ASSIGNMENT
Write back every line of the listing exactly, excluding images.

+ + +

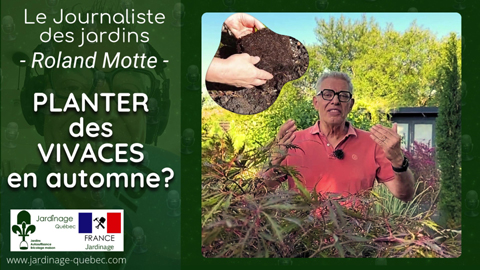 Planter des vivaces en automne : Conseils et variétés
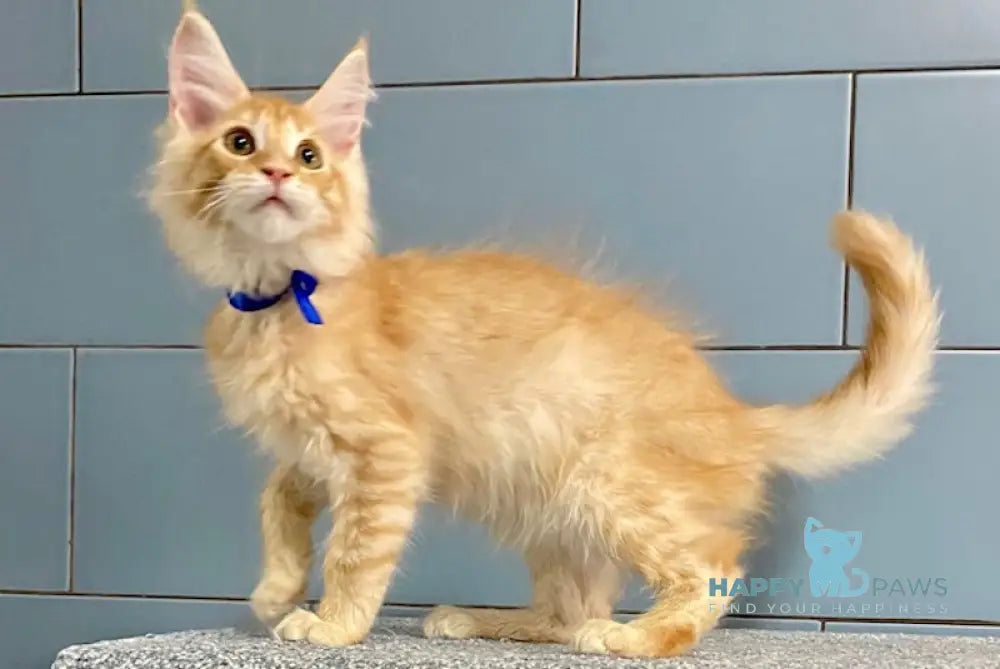 Ermak Maine Coon male red silver tabby live animals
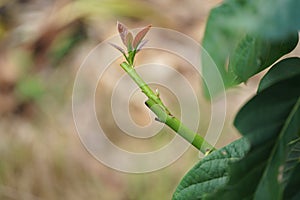 Grafting in a young avocado plant in old tree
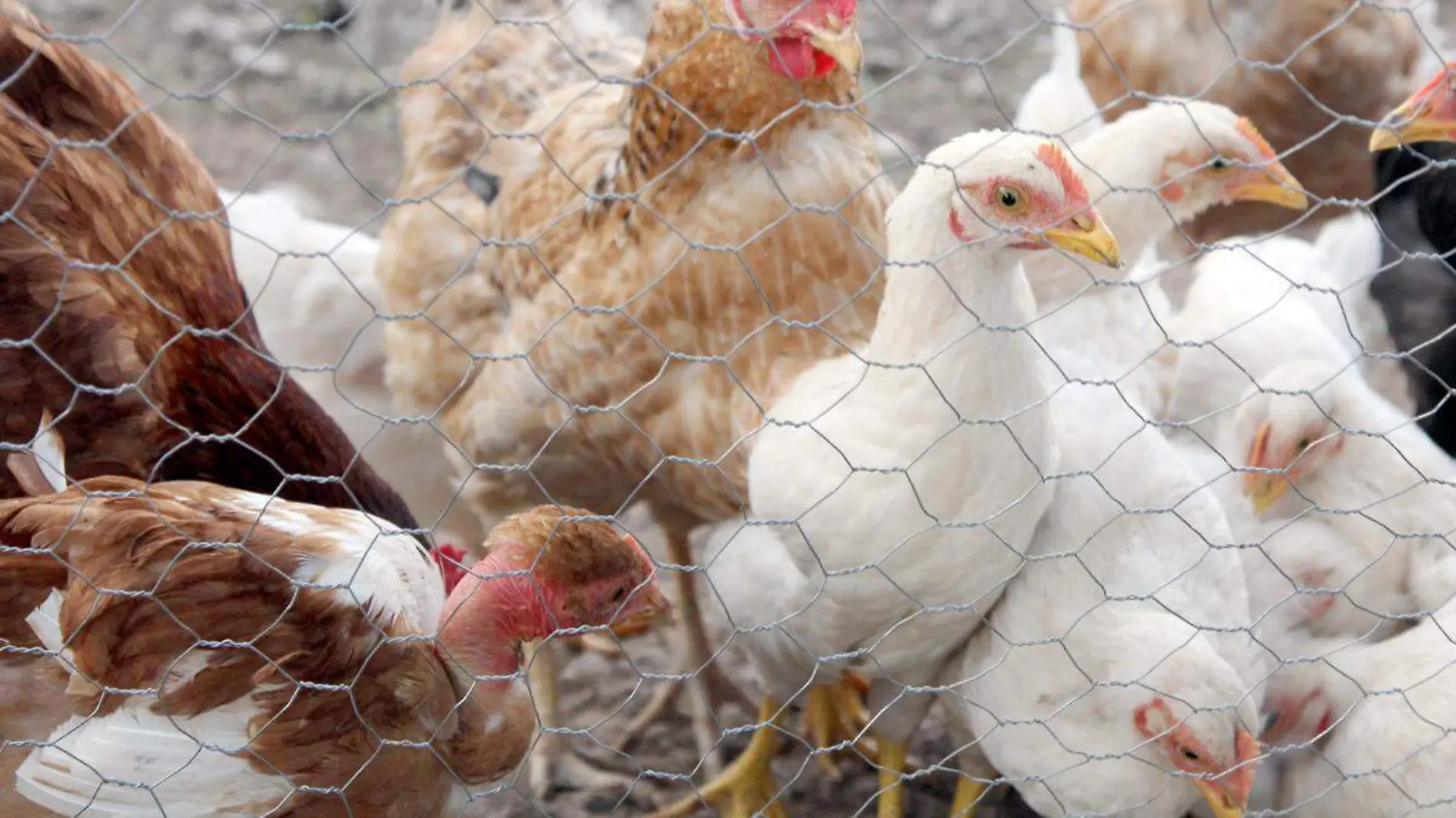 Tras detectar casos en aves, sin casos de gripe aviar en humanos en BC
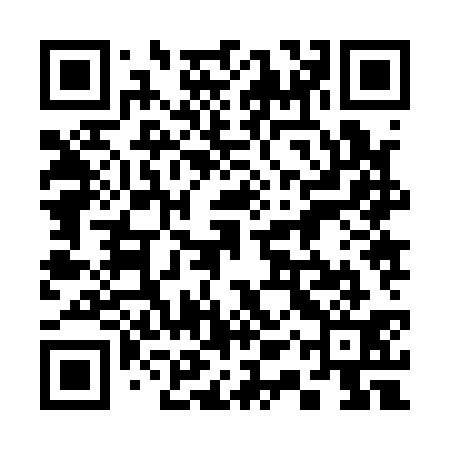 QR code for 31Z131
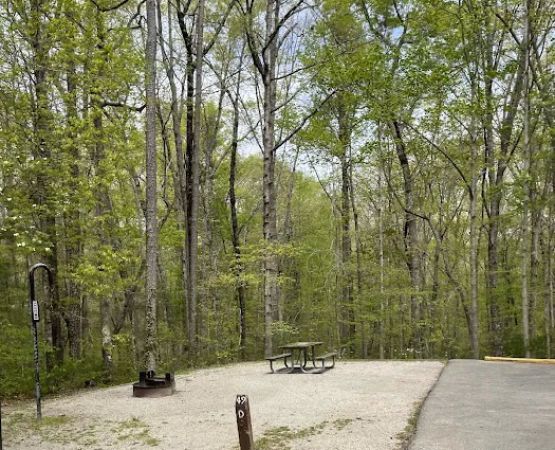 Bandy Creek Group Campground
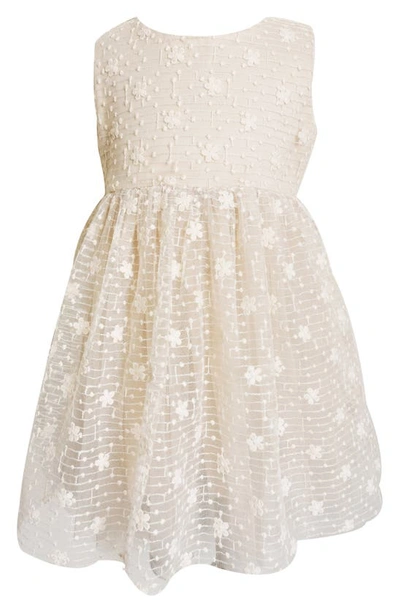 Popatu Kids' Floral Embroidered Tulle Overlay Dress In Ivory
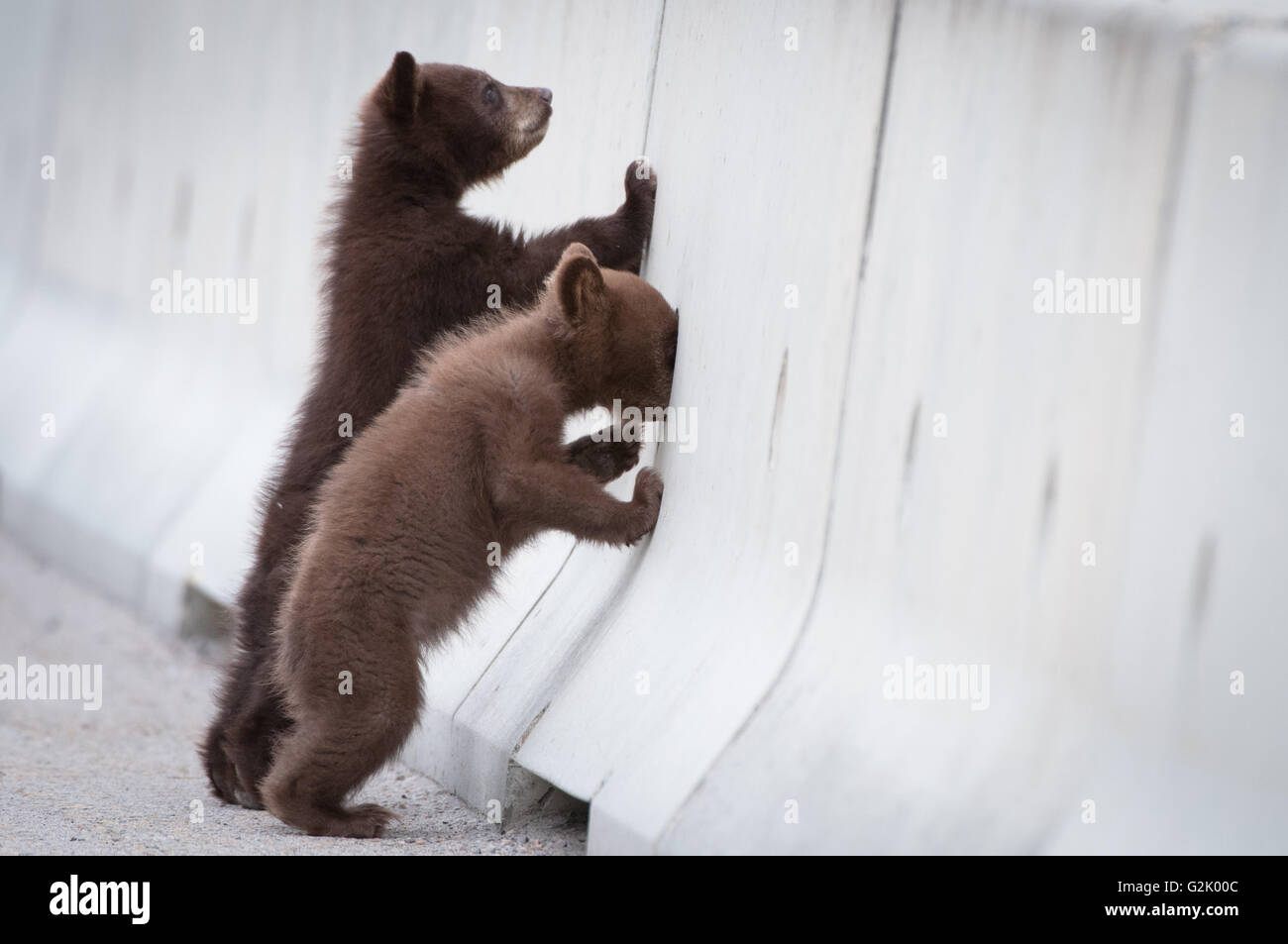 Ursus americanus, ours noir, montagnes Rocheuses, Alberta, Canada, CUB, les jeunes Banque D'Images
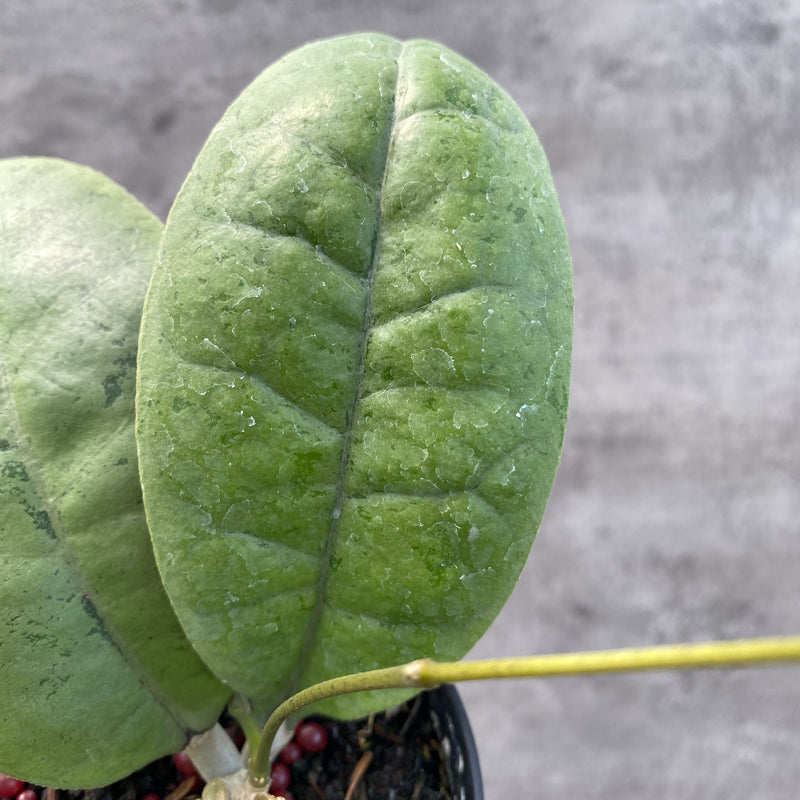 FS64-8 Hoya AFF Forbesii Silver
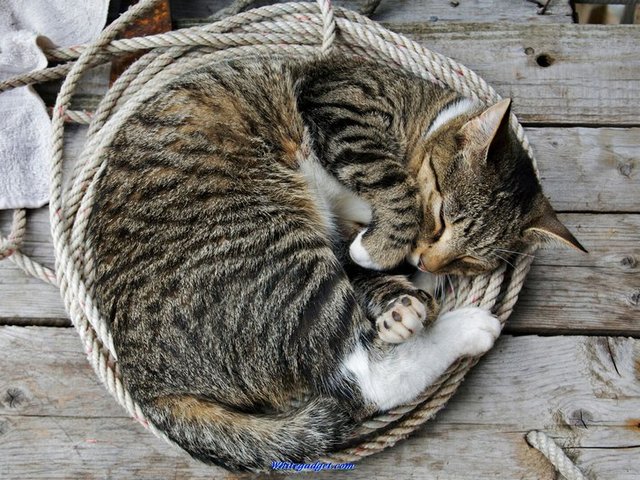 Все о кошках в Стрежевом | ЗооТом портал о животных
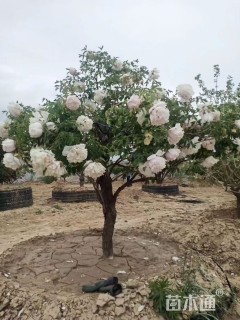 高度190厘米紫斑牡丹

+ + +

RESULT FOR THIS EXERCISE
 Planter des vivaces en automne : Conseils et variétés
 Ermak Maine Coon male red silver tabby live animals
 Grafting in a young avocado plant in old tree
 Tras detectar casos en aves, sin casos de gripe aviar en humanos en BC
 QR code for 31Z131
 Bandy Creek Group Campground
 Popatu Kids' Floral Embroidered Tulle Overlay Dress In Ivory
 Ursus americanus, ours noir, montagnes Rocheuses, Alberta, Canada, CUB, les jeunes Banque D'Images
 FS64-8 Hoya AFF Forbesii Silver
 Все о кошках в Стрежевом | ЗооТом портал о животных
 高度190厘米紫斑牡丹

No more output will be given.